Meditation and Its Benefits Read Must

CONCENTRATION MEDITATION

Concentration meditation involves focusing on a single point. This could entail following the breath, repeating a single word or mantra, staring at a candle flame, listening to a repetitive gong, or counting beads on a mala. Since focusing the mind is challenging, a beginner might meditate for only a few minutes and then work up to longer durations.
In this form of meditation, you simply refocus your awareness on the chosen object of attention each time you notice your mind wandering. Rather than pursuing random thoughts, you simply let them go. Through this process, your ability to concentrate improves.

MINDFULNESS MEDITATION

Mindfulness meditation encourages the practitioner to observe wandering thoughts as they drift through the mind. The intention is not to get involved with the thoughts or to judge them, but simply to be aware of each mental note as it arises.
Through mindfulness meditation, you can see how your thoughts and feelings tend to move in particular patterns. Over time, you can become more aware of the human tendency to quickly judge an experience as good or bad, pleasant or unpleasant. With practice, an inner balance develops.
In some schools of meditation, students practice a combination of concentration and mindfulness. Many disciplines call for stillness — to a greater or lesser degree, depending on the teacher.
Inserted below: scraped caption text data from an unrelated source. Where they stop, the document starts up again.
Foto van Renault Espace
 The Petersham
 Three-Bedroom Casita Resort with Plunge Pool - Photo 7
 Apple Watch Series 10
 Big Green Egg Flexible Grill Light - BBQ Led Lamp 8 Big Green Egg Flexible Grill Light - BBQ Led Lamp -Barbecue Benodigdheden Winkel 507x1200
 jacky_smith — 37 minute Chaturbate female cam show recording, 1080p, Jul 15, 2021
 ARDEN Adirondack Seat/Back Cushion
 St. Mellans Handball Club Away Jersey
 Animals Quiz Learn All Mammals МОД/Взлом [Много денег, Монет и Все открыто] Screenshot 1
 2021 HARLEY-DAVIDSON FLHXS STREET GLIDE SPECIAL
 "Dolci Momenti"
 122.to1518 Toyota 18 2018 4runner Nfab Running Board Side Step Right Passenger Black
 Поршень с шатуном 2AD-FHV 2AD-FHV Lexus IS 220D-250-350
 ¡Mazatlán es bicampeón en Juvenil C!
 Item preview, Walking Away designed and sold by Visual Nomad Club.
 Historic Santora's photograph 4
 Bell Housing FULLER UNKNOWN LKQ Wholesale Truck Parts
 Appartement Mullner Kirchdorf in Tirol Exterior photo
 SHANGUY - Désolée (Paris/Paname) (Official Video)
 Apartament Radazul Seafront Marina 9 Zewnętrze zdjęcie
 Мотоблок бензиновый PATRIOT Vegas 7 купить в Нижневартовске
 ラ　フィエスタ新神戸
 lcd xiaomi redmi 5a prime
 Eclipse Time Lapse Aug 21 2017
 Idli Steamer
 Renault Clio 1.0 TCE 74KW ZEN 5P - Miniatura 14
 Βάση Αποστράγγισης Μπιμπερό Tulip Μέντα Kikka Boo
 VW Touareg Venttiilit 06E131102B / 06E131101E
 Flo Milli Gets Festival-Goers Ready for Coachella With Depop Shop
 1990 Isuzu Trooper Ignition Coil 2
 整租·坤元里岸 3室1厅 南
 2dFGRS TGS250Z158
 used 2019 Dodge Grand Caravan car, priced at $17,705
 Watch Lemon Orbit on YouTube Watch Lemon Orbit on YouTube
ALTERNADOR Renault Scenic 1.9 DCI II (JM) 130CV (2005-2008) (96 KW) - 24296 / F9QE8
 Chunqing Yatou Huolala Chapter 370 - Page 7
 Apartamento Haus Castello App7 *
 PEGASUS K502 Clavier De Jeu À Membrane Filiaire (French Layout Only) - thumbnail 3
OTHER MEDITATION TECHNIQUES

There are various other meditation techniques. For example, a daily meditation practice among Buddhist monks focuses directly on the cultivation of compassion. This involves envisioning negative events and recasting them in a positive light by transforming them through compassion. There are also moving meditation techniques, such as tai chi, qigong, and walking meditation.

BENEFITS OF MEDITATION

If relaxation is not the goal of meditation, it is often a result. In the 1970s, Herbert Benson, MD, a researcher at Harvard University Medical School, coined the term “relaxation response" after conducting research on people who practiced transcendental meditation. The relaxation response, in Benson’s words, is “an opposite, involuntary response that causes a reduction in the activity of the sympathetic nervous system.”